I used the new Chestnut hard wax. This was the first time I have used wax oil so I have no idea what other makes are like. I do like the finish though.

Bob


----------



## wizer (9 May 2010)

I ave used Osmo on Both US an EU Ash and it very much did yellow it! I'd be very wary of using any oil on Ash. Make sure you do a test piece and leave it in the place the finished furniture will live, for at least a month. The baby walker I made for my daughter only went a lovely shade of urine about a month after I finished it. If you want to keep it light the it's got to be either Ultra Blonde Shellac or some sort of water based lacquer IMHO.


----------



## ByronBlack (9 May 2010)

I'm with Tom on this one - if you don't want any colouration, a spray or brush on lacquer would be good. I used a spray can Behlens nitro product that was clear white and could give either a matt or glossy finish depending on how much sanding/polishing you want to do.

Something like this (aerosol can - but other types also available)
http://www.behlen.co.uk/Merchant2/m...Product_Code=B104-1406&Category_Code=MUSICFIN


----------



## devonwoody (9 May 2010)

The American ash I have used (kiln dried) is not as coarse a grain, so I prefer American.


----------



## woodbloke (9 May 2010)

wizer":1g3zvapi said:


> I ave used Osmo on Both US an EU Ash and it very much did yellow it! I'd be very wary of using any oil on Ash. Make sure you do a test piece and leave it in the place the finished furniture will live, for at least a month. The baby walker I made for my daughter only went a lovely shade of urine about a month after I finished it. If you want to keep it light the it's got to be either Ultra Blonde Shellac or some sort of water based lacquer IMHO.


I agree with Tom here...don't on any account use oil on ash - Rob


----------



## BradNaylor (9 May 2010)

Not log after I started out on my own, I got a big job supplying ash door casings, skirtings, and archs for a new build house. I bought in a pack of American ash.

It was all a uniform very pale, almost white colour. The customer was so delighted that he ordered some more.

I couldn't get any more American ash however, so not knowing any better, I ordered some European. 

Big mistake! The colour raged from white to dark brown, encompassing green along the way. Half of it was almost indistinguishable from oak.

I've still got some of that batch of European ash - ten years later. Slowly it is disappearing into our wood-burner!

Cheers
Brad


----------



## OPJ (9 May 2010)

I've found that European ash is a little easier to work than the American species, which tends to feel a bit tougher when you're planing it by hand.

About four-years ago, I put a couple of coats of Danish oil (it was either Rustins or Liberon) on some European ash and it didn't seem to darken it much at all! :roll:

In my experience, Osmo's hardwax oil doesn't darken (English) ash as much as Danish can but I would personally try it on a couple of offcuts, first of all. If you don't fancy a lacquer finish, you could always brush on a coat of sanding sealer, denib it and then coat it with wax. :wink: A water-based sealer (such as Chestnut's Acrylic) won't darken the ash as much as some others might... Though, I wouldn't expect any sealer (spirt, cellulose, shellac etc.) to have quite the effect that Danish oil can have.


----------



## L Harding (9 May 2010)

Just to put my two cents in, even tho it may be repeating some thing that have already been said...

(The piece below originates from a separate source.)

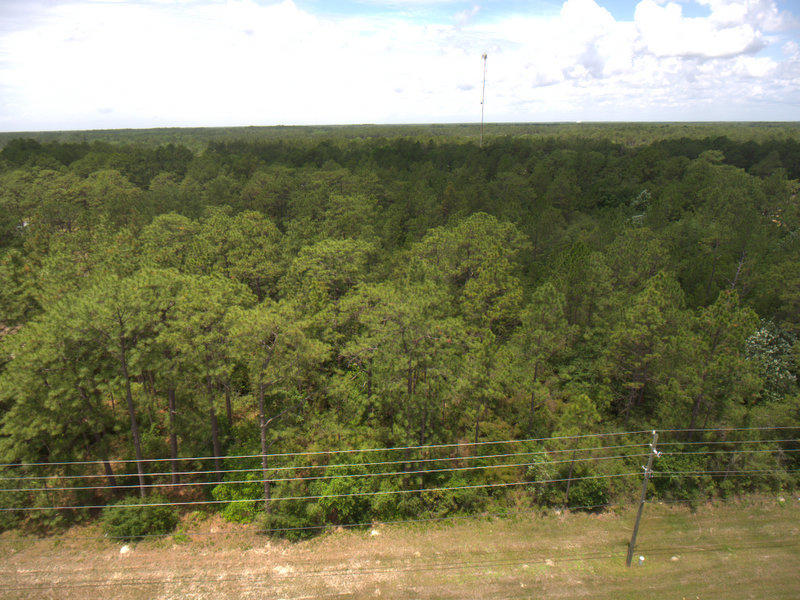 Freeport - Land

American ash is far superior to Euro, for all the reasons already stated. Also the straightness of the grain means it doesnt move much, making it ideal for drawer boxes.

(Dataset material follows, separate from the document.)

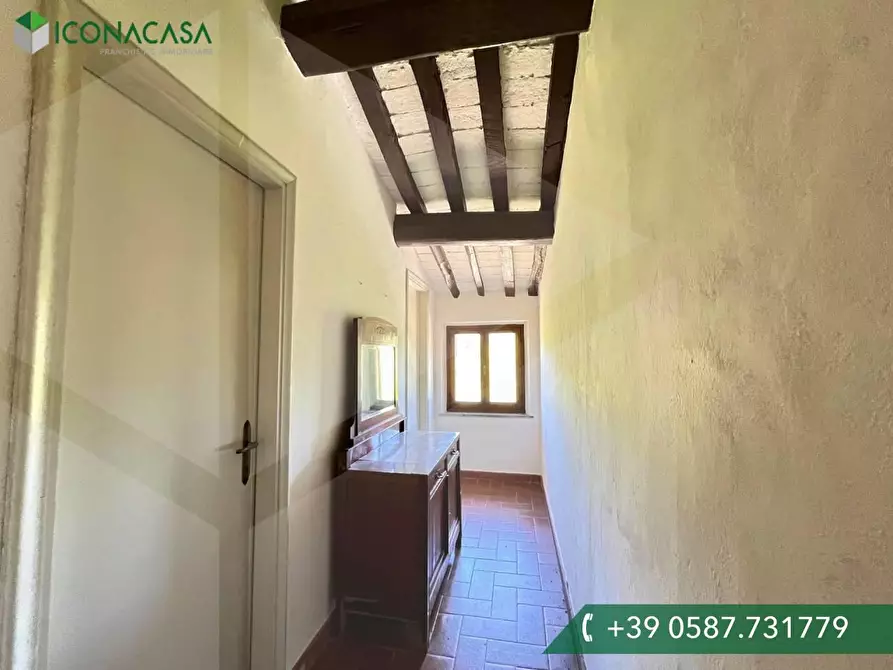 Immagine 16 di Casa colonica in vendita  a Casciana Terme Lari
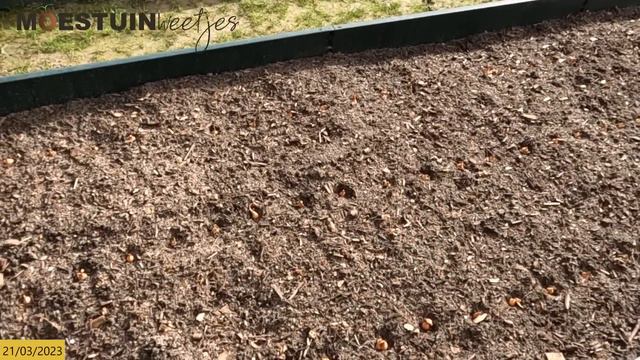 TM23#12 : Overzichtje van mijn nieuwe moestuin 2de helft maart смотреть онлайн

In terms of finishing, hard wax or danish oil will defo yellow any ash. A lacquer (pre-cat in cans is always a handy thing to have in the home shop) will be much better, although remember you'll need to 'seal' first. White polish (sallac) would also work well.

One other thing to say about danish oil tho... Although it will yellow the ash, a well refined one will also darken the grain a fair bit compared to main body of the wood. Almost giving it the look of olive ash. I think it can look very good, so it could be worth doing a sample like this and seeing what you think.

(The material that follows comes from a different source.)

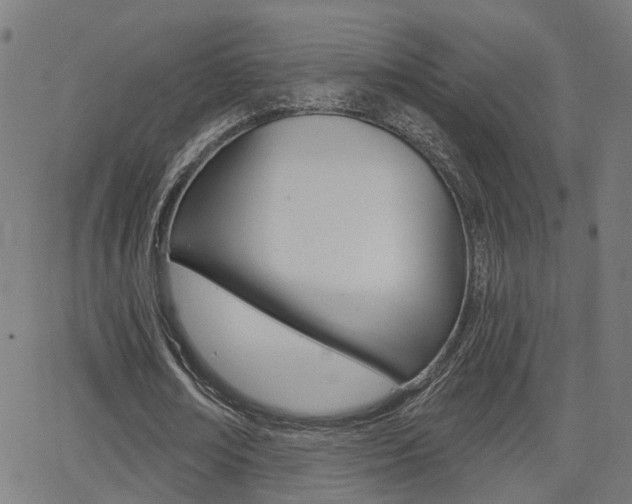 X0000062910674200601131107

Also the 'osmo' hard wax oil comes in a matt finish option. This one doesnt yellow anywhere near as much, and if you only put a couple of coats on it actually gives a virtually un-finished look to the wood, while still giving it some protection. Not my favorite, but some people like it.


Luke


----------



## Chems (9 May 2010)

Thanks guys, I'll defiantly get American ash as its the same price as European but sounds a lot better. 

I only have melamine lacquer in stock, is the morells stuff water based?


----------



## Mike H (9 May 2010)

European has more character and variety.

It can be white, olive, etc... but also we can obtain in Europe some srtiking ripppled Ash which I have never seen in imported american.

American is kiln dried and we can obtain air dried european Ash which will make machining and hand working much more pleasant.

European ash is easier to find to match with, say Oak, for a project.

I tend to pay nearly the same price but there is much less waste in the bland straight grained Am. Ash.

If you want to see some splendid Euro ASh, I recommend Tyler's Harwoods near Hungerford, knowledgeable and helpful people.

I hope this helps, I have used Ash for about 50 years on many projects.

Mike

8)


----------



## Doctor (9 May 2010)

BradNaylor":d8ngfeif said:


> Not log after I started out on my own, I got a big job supplying ash door casings, skirtings, and archs for a new build house.
> Brad



What was the bet here "how many toilet words can I accidentally post" :lol: :lol:


----------



## Mattty (9 May 2010)

For all the reasons already described i much prefer European Ash, it has lovely varied colour and character, it has lots of defects which make it hard to work but give it much more life than the American version.
Horses for courses i suppose.


----------



## Chems (9 May 2010)

Now you've confused me, I need to start a poll!


----------



## Mattty (9 May 2010)

Chems":13fe71d4 said:


> Now you've confused me, I need to start a poll!



Sorry. My point was i really like some of the natural charecteristics/faults which are more predominant in native timber (probably because they wouldn't bother importing anything with common faults). 
It all depends on the piece you are making, ie- if your making a slick cutting edge cabinet then you probably want pristine blemish free timber.


----------



## Chems (9 May 2010)

tbh I want a slick looking piece which will be accented with some ABW of the style of the famous mattty's alter piece.


----------



## wizer (9 May 2010)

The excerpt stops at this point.